A la question de savoir combien de membres de l’UA rejoindront le Maroc lors de ce vote décisif, il avance que les 28 Etats s’étant déjà prononcés en sa faveur ne sont que l’arbre qui cache la forêt.

"Il ne faut pas faire de dichotomie entre les 28 qui se sont déjà prononcés et les autres, qui le feront le moment venu. Evitons comme certains l’ont fait hâtivement d’exclure par exemple l’Egypte de la liste de nos soutiens et de la diaboliser, car cela est contre-productif. Le Maroc est dans une dynamique positive, car bien plus que la majorité des 54 pays africains réclament son retour et sont prêts à exclure la rasd", assure t-il.

Optimiste, il affirme que le moment venu, la Tunisie, la Mauritanie, le Mali, le Rwanda, la Tanzanie, le Kenya, le Cameroun, le Niger répondront présents pour voter la suspension de "l‘entité fantoche".

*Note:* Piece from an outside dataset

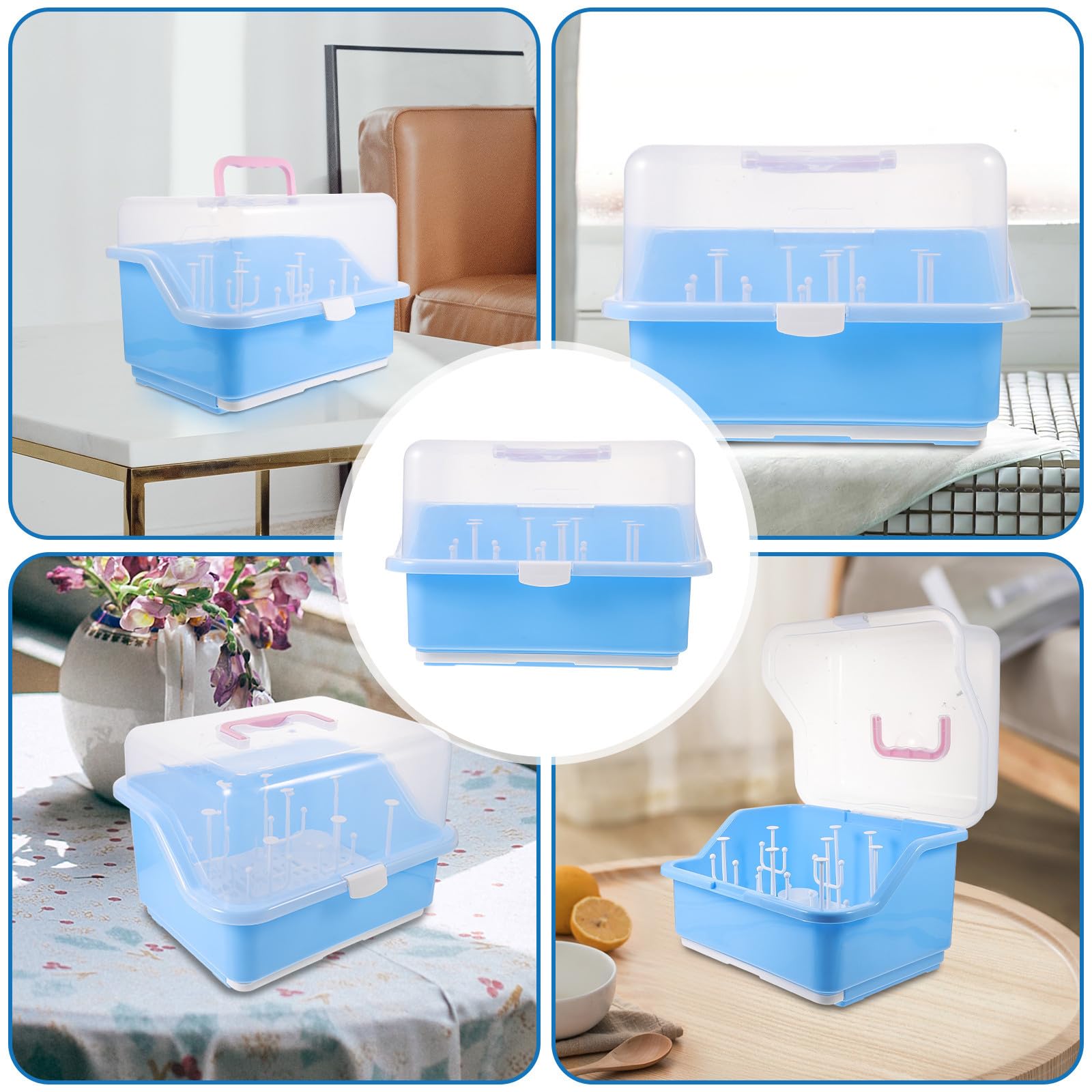 Hemobllo Scatola Asciuga Biberon, Scatola per Asciugatura e Conservazione Biberon, Pp, Blu, Portatile, Coperchio, per Stoviglie e Alimenti, Uso Domestico Colore Casuale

Fassi Fihri poursuit que même certains irréductibles comme le Nigéria pourraient changer d’avis en se basant sur l’intérêt de développer des échanges économiques avec le Royaume, devenu incontournable sur le continent par ses investissements et sa stabilité politique et sécuritaire.

"Ceux qui refuseront de faire preuve de pragmatisme se mettront en travers de la marche de l’histoire, car le temps de la diplomatie de la valise et des idéologies est révolu. Entre une marque Maroc attractive et une Algérie sur le recul, il n’y a pas photo", conclut-il.